I think I've got, I think I got over it. All right. Well, yeah. I know people that have downloaded it and have said, oh yeah, that's really cool. It is neat looking into another culture from something that is mainly that culture. Yeah. It's very interesting. Um, yeah. Well, everybody, that'll be it for this episode. Let's, oh, we don't, we don't have very much of a theme song. Um, so we're just play the intro again until
we get an actual outro. We could just, um, yeah, that's our outro. No, we'll play a theme song, but yeah, we hope you enjoy the show. Uh, we're going to have lots of good topics. Hopefully lots of good guests to come on talking about a lot of different things that we are interested in and that we wanted to argue about or agree about or talk about or whatever. Um, we're hope, hoping to release on Tuesdays, but we're not putting hard limits on ourselves. We realized doing the other
show that that was, it got stressful. We had to go out every Thursday and it was always like, Oh, we gotta get an episode out. Gotta go to episode out. But, um, we, we love the donations and stuff, but I don't feel like we're making enough for it to be like we have to do on this date. So if we're a day too late on the thing, we're not even going to stress about it. We're
going to try and release once a week, but it might not, might not always be on Tuesday. Um, if you have any topics that you'd love to hear our advice on, we're willing to give advice from her generation, from my generation. I think that would be fun to do. Um, or we could just go on like Reddit, not to mention Reddit, but we can go on like the advice, advice pages and just answer people's, uh, terrible questions. Right. Now I think,
I think it needs to be part of the community. I think so too. And, um, it's more fun that way. Even if it's not like a question you want answered for yourself, be like, Oh man, I'd like to hear what these guys have to say about this. Send us an email, mail at argument pod.com. And, um, I'm still working on the website.

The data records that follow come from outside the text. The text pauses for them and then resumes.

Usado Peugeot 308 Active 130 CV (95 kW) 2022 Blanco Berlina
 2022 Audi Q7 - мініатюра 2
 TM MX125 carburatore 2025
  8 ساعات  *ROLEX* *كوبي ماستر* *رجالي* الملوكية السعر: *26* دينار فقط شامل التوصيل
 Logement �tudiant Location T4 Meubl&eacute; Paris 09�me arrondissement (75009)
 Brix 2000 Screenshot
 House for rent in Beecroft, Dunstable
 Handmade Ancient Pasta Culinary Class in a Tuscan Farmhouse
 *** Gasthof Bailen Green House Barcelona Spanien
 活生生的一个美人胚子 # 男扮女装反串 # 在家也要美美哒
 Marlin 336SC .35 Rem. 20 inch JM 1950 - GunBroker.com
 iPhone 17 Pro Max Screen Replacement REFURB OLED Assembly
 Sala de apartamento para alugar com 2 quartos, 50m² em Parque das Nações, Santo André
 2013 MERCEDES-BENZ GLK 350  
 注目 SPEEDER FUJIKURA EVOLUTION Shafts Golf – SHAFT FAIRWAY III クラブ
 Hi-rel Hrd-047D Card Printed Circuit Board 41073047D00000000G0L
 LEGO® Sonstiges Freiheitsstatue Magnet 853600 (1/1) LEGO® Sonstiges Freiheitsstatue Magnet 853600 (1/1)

I've got some tricks up my sleeve with a new podcast making app and transcription thing. And I'm working on a lot of stuff. I'm hoping to release
a video about it all. Uh, once I get all the bugs worked out and, um, look forward to that. If you're actually into making podcasts or anything like that, I've been working hard on it. It's pretty cool. So, uh, keep, keep, uh, you know, keep your eye out for that. Yeah.
¶ Outro
And we listened to that jazz. Oh yeah. Wait, we hope you'll come back next, uh, next episode. I think we might be doing the do it yourself next. And then we're, we're working on this. Who do you trust series? It's going to be fantastic. Oh yeah. And then we're going to be having a big breakdown of AI. We're going to get cut off and now we just watch this. Oh, it didn't. Didn't do it. But yeah. Uh, y'all have a fantastic, fantastic way.